Jake Kozloski, CEO and co-founder of online matchmaking service Keeper. (Courtesy of Jake Kozloski.)

In an attached video, the AI ​​system assessed the compatibility of a fictitious man and woman. The information about both provided by the user has been analyzed.

GPT-4 compared their preferences, discovering similarities that suggested the two might be compatible.

However, it also identified gaps in the data needed to judge the future partnership. He requested additional information in order to evaluate the match more thoroughly.

In a March 17 interview with The Epoch Times, Kozloski explained that Keeper had already implemented GPT-3 before GPT-4 appeared.

GPT-4, he said, is “more capable for our use case.”
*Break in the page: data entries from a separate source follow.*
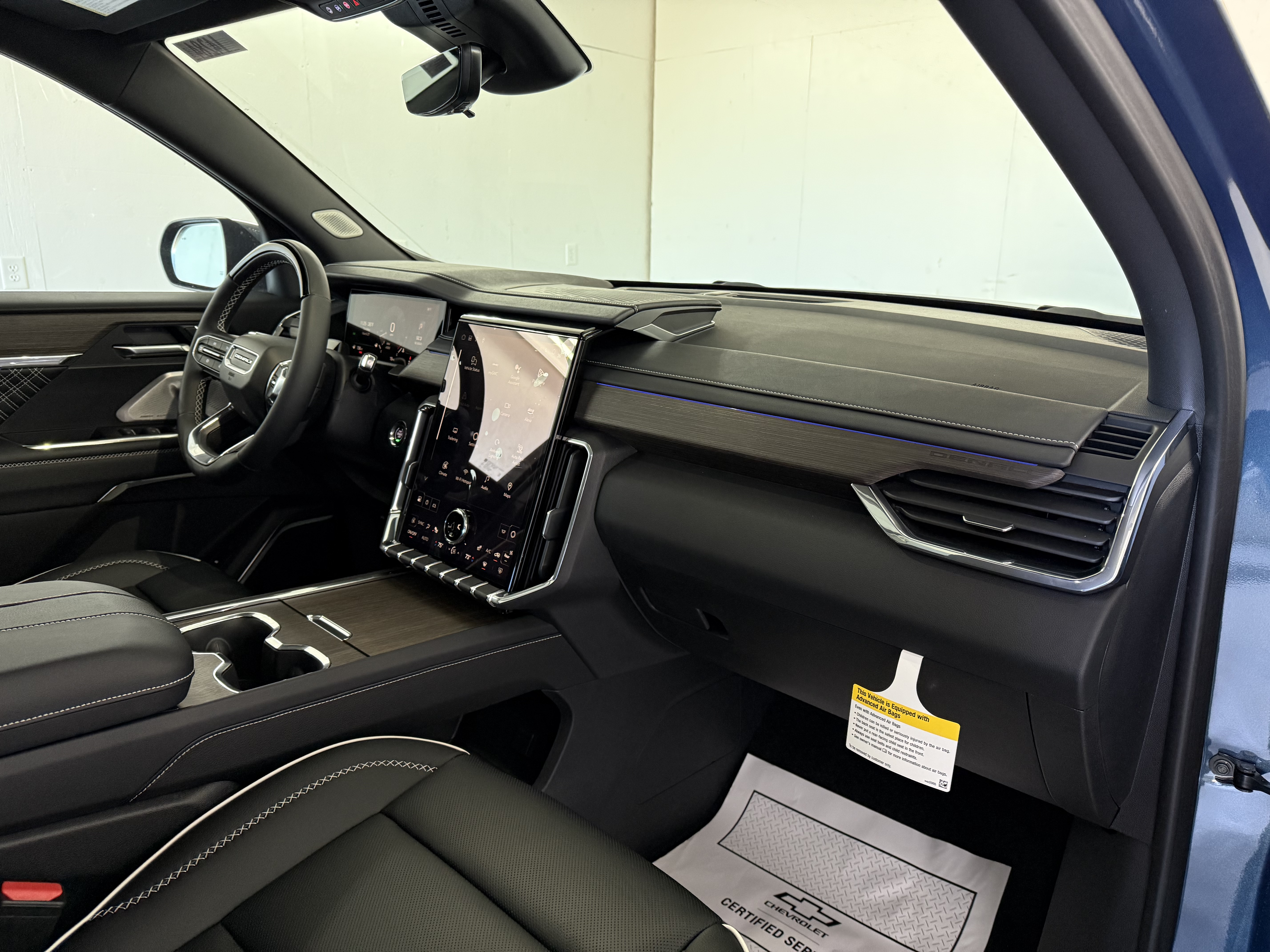 2025 GMC Acadia Denali - Photo 33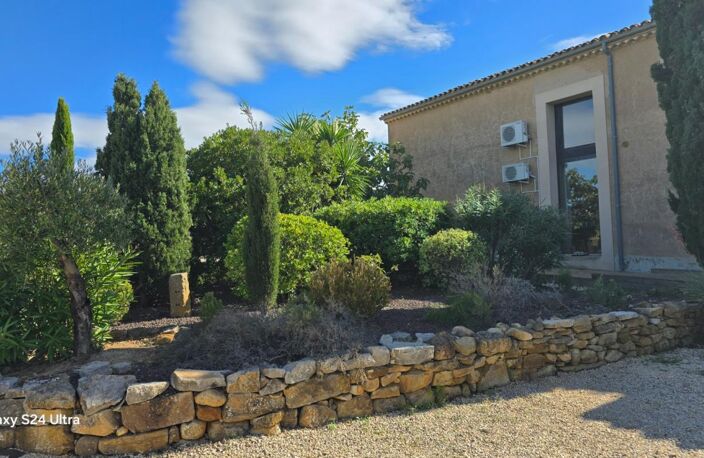 L’Exception Narbonnaise : Un Domaine Viticole d’Autre Temps, Sublimé par le Luxe Moderne" — photo 3
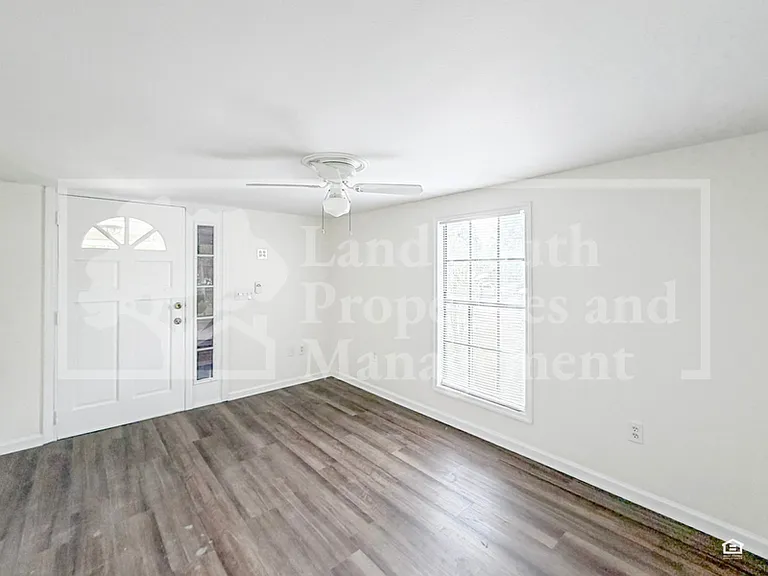 3818 Ethel Ave — Photo 7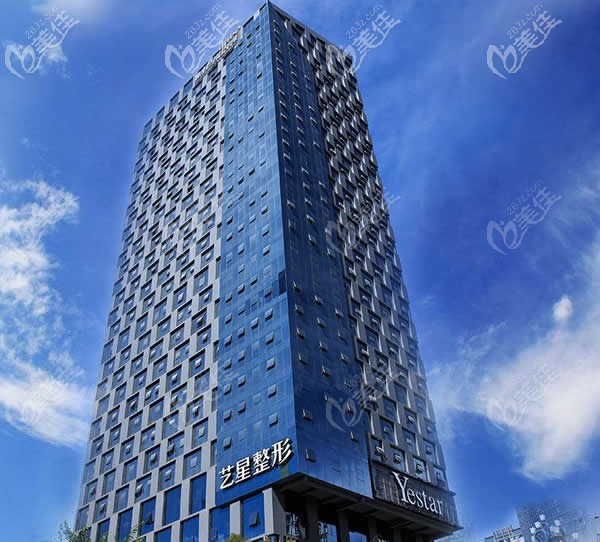 赚了！4月昆明艺星抽脂减大腿的价格只要9999元，比原价还便宜了一半呢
Turn to tradition as fertility craters

Keeper’s embrace of cutting-edge technology to build serious, long-term romantic partnerships fits a seemingly paradoxical vision: It’s forward-looking and tied to some of the oldest traditions of human connection.

Kozloski co-founded Keeper with Internet reactionary under the pseudonym Indian Bronson, whose Twitter bio claims to be “fixing birth rates” in Keeper.

Kozloski explained this goal in Keeper’s “master plan“:

“We are in a fertility crisis fueled by a marriage crisis that endangers the future of humanity itself. Our mission is to tackle this crisis head-on by reversing the decades-long trend against marriage and family formation.”

The collapse of birth rates in the United States has caught the attention of SpaceX founder Elon Musk.

“We should just celebrate having kids,” Musk wrote on Twitter in response to a chart showing a collapse in U.S. fertility since the early 1970s.

Births have also increased in Europe, Northeast Asia and much of the rest of the world.

To move forward, Keeper is looking back to the kind of supervised matchmaking that was once common in the West and is still prevalent in India, Africa and other traditional societies.

Kozloski did not come to his tradition-oriented perspective from a conservative background.

“I grew up with divorced parents in Brooklyn. Most of my upbringing was very progressive in terms of values, so I wasn’t exactly indoctrinated in that way of thinking (if anything),” he said.

He and his girlfriend are in a stable, monogamous relationship: the unquestioned norm for generations past, but less so for Millennials and Gen Z.

“I think that’s the ideal outcome. I recognize that it doesn’t work for everyone, but I think it does for the vast majority of people a lot more [those] who are actively in one,” he said.

Photo of times The home page of OpenAI’s ‘ChatGPT’ app is shown on a laptop screen in London on February 3, 2023. (Leon Neal/Getty Images)

Aspire to scale through AI

Like any old country wedding aunt, Keeper is demanding. It only matches users with partners who meet all of its criteria.

There’s no limit to the number of criteria people can list, “but obviously the more they provide, the harder it is to match them,” Kozloski said.

Keeper has made 40 appearances so far; that’s 80 people in total, if you do the math at home. Ten percent of these matches resulted in long-term relationships.

According to Kozloski, the interest is much broader.

“Our enrollments are in the few thousand,” he said.

However, while users have the option of not paying until they marry a Keeper match, those who sign up must also be prepared to pay thousands of dollars.

“Today we are a white glove service,” he said.

Kozloski hopes GPT can help lower the cost of matchmaking, allowing them to expand their customer base and offer lower prices.

Automation of the future

Kozloski hopes his matchmaking can be fully automated as GPT continues to improve.

“Today, we have matchmakers working with him [algorithm and] AI,” he said.

In AI jargon, they want to take that human out of the loop.

Keeper aims to create the first algorithm that makes really good matches, rather than the inaccurate matches offered by existing services.

Kozloski believes that the first company to manage this feat would be to romance online what Google has to search.

“We intend to be us,” he said.

If Keeper succeeds, they may have ChatGPT to thank.